Melanotaenia parva is a rainbowfish endemic to Lake Kurumoi in the Yakati River watershed of West Papua, Indonesia, sitting at around 400 m elevation in a lake without visible natural drainage according to FishBase. It reaches about 6.7 cm standard length. FishBase lists it as Critically Endangered on the IUCN Red List (assessed 2019), which makes captive breeding particularly valuable.

Sexing

As in other Melanotaenia, males are the larger and more intensely coloured sex, deepening in body and colour with maturity, while females remain plainer. A male can be set up with one or more females for spawning.

Conditioning

FishBase records a trophic level of about 2.9, consistent with an omnivorous diet. Conditioning the adults on a varied diet of small live, frozen and prepared foods readies them for spawning.

Breeding Setup

FishBase notes distinct pairing during reproduction for this species. Like other rainbowfish it spawns over fine-leaved plants or spawning mops that provide attachment for the adhesive eggs. The consulted source does not give specific captive temperature or pH figures, which are therefore omitted.

Spawning Behavior & Trigger

FishBase describes the species as forming distinct pairs during reproduction.
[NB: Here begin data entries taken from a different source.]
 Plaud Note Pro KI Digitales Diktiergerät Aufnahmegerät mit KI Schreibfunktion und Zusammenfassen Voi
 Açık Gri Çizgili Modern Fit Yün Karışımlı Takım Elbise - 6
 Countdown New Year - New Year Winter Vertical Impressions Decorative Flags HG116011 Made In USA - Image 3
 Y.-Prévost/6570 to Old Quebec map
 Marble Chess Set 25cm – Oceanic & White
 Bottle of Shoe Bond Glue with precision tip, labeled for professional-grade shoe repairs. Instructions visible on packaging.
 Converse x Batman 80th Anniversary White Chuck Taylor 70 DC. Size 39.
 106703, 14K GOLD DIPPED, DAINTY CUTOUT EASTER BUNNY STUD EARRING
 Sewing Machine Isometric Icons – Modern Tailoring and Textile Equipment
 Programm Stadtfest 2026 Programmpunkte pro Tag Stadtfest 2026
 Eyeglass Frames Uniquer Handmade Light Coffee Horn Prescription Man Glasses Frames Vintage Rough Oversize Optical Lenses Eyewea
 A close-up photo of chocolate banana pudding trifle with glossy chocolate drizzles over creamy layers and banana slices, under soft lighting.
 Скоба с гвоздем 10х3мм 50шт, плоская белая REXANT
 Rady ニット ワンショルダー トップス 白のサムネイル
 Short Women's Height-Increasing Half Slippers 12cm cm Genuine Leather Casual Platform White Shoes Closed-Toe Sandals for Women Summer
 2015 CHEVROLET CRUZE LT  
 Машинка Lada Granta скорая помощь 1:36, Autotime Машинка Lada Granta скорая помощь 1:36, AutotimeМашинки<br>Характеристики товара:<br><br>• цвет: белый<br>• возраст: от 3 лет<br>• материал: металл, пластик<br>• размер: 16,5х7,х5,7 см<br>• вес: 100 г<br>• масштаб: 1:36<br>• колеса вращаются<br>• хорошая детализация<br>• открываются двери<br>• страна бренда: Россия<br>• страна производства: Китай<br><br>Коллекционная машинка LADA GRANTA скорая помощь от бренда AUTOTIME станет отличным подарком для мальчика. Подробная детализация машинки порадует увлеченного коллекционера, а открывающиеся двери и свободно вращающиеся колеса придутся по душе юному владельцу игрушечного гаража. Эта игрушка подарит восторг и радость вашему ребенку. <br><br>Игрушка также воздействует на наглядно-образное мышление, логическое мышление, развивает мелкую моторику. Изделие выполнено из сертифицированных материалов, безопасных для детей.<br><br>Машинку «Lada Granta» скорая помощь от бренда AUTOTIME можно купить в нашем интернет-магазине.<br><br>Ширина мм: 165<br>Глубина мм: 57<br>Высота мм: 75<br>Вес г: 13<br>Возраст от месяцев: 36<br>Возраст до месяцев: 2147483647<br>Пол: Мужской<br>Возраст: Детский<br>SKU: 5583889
In the genus the female releases adhesive eggs that attach to plants over a period, rather than scattering all eggs at once; eggs released over successive days are typical of Melanotaenia rainbowfish.

Egg & Fry Care

The adhesive eggs hang on the spawning medium and can be moved to a separate container to protect them. Newly hatched rainbowfish fry are very small and need fine first foods such as infusoria or commercial fry food before Artemia nauplii. Specific incubation and fry data for this species are not given in the consulted source and are therefore omitted.

Common Challenges

Because the species is Critically Endangered with a single tiny natural range, maintaining a genetically diverse captive population is important. The usual rainbowfish bottleneck of tiny first-feeding fry applies, requiring very small live or prepared foods.